Description of the task:
Word for word, transcribe the listing that follows, minus any pictures.

Dataset extract:
───

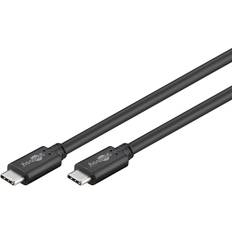 Usb c 3.2 kabel Goobay Sync & Charge USB C - USB C 3.2 Gen1 M-M 1m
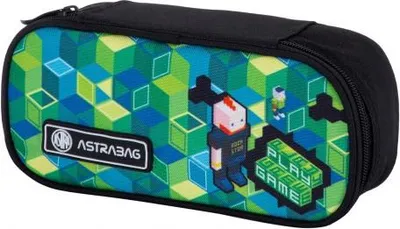 Produktbild von AstraBAG GAME Einkammer-Federtasche / Etui, AC6, 505023044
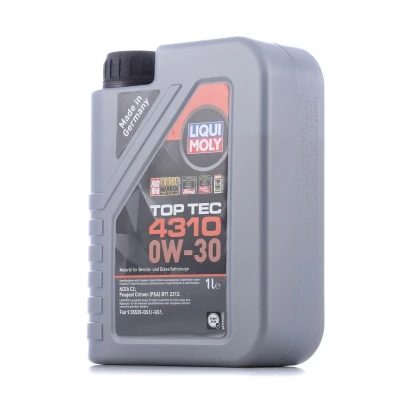 Afbeelding van Motorolie Liqui Moly TOP TEC 4310 0W30 C2 1L 2361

───

Your solution:
 Usb c 3.2 kabel Goobay Sync & Charge USB C - USB C 3.2 Gen1 M-M 1m
 Produktbild von AstraBAG GAME Einkammer-Federtasche / Etui, AC6, 505023044
 Afbeelding van Motorolie Liqui Moly TOP TEC 4310 0W30 C2 1L 2361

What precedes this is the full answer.